The Russian troops did not allow their opponents to gain any ground and inflicted "colossal losses," said the 68-year-old. He put Ukrainian losses since the beginning of the month at almost 14,000 soldiers - a figure that cannot be independently verified.

Russia's account is disputed by Kiev and even Russian military bloggers who have close access to the situation on the battlefield.

Since the summer, Ukrainian units have repeatedly crossed the Dnipro to the Russian-occupied side of the river in the Kherson region.

Ukrainian infantrymen have been holding positions around the town of Krynky for weeks, despite ongoing fighting.

Kiev has reportedly succeeded in providing supplies across the river, but has not yet delivered the heavy equipment and tanks that would be necessary to expand the bridgehead further into Russian-held territory.

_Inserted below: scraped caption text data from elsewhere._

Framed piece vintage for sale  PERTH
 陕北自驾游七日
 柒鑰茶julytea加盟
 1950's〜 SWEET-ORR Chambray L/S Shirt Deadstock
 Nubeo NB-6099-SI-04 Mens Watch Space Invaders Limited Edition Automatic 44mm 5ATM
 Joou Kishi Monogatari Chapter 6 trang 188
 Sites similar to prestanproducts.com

Kherson in southern Ukraine was largely occupied shortly after the Russian invasion on February 24, 2022. In November last year, the Ukrainians succeeded in liberating the parts of the region located on the right bank of the river - including the regional capital Kherson of the same name.

The ability of the Ukrainian troops to establish a presence on the other side of the river is seen as a small but significant win for Kiev.